— Brief —
Please keep pictures out of the copy, and print exactly the lines from the one containing "Sylvie Plant Study" through the end of the records.

— Data records —
◇ ◇ ◇ ◇ ◇

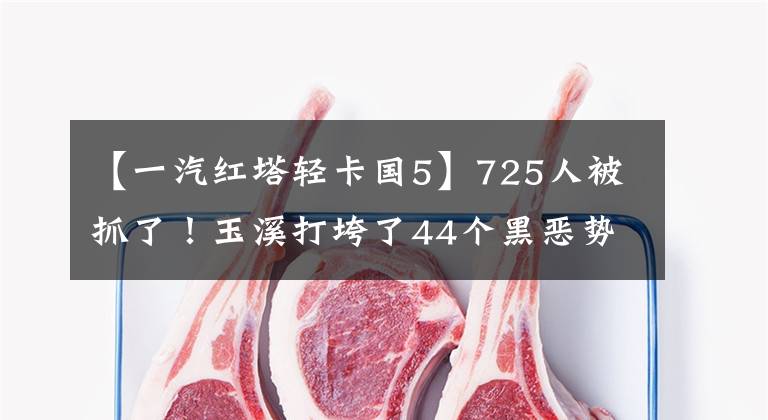 【一汽红塔轻卡国5】725人被抓了！玉溪打垮了44个黑恶势力犯罪集团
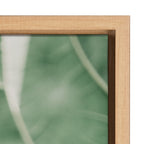 Sylvie Plant Study 7 Framed Canvas by Alicia Abla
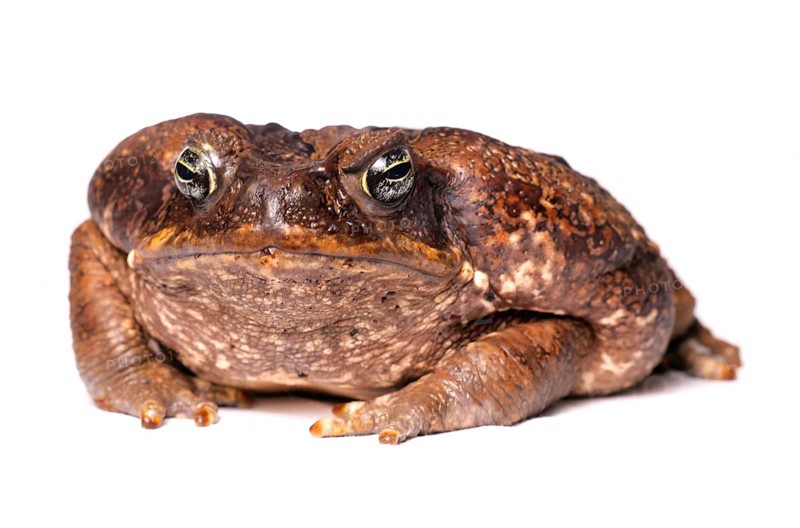 Cane toad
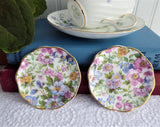 Pretty Pair Chintz Tea Bag Caddies Summertime Chintz Bone China Butter Pats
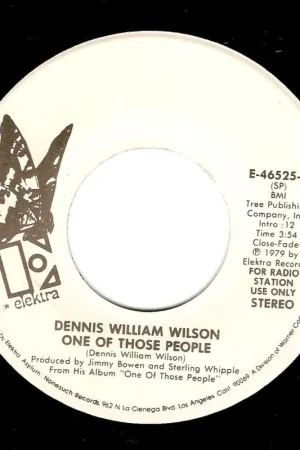 Secure Checkout DENNIS WILLIAM WILSON One Of Those People Vinyl Record 7 Inch US Elektra 1979 Promo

◇ ◇ ◇ ◇ ◇

— Expected answer —
 Sylvie Plant Study 7 Framed Canvas by Alicia Abla
 Cane toad
 Pretty Pair Chintz Tea Bag Caddies Summertime Chintz Bone China Butter Pats
 Secure Checkout DENNIS WILLIAM WILSON One Of Those People Vinyl Record 7 Inch US Elektra 1979 Promo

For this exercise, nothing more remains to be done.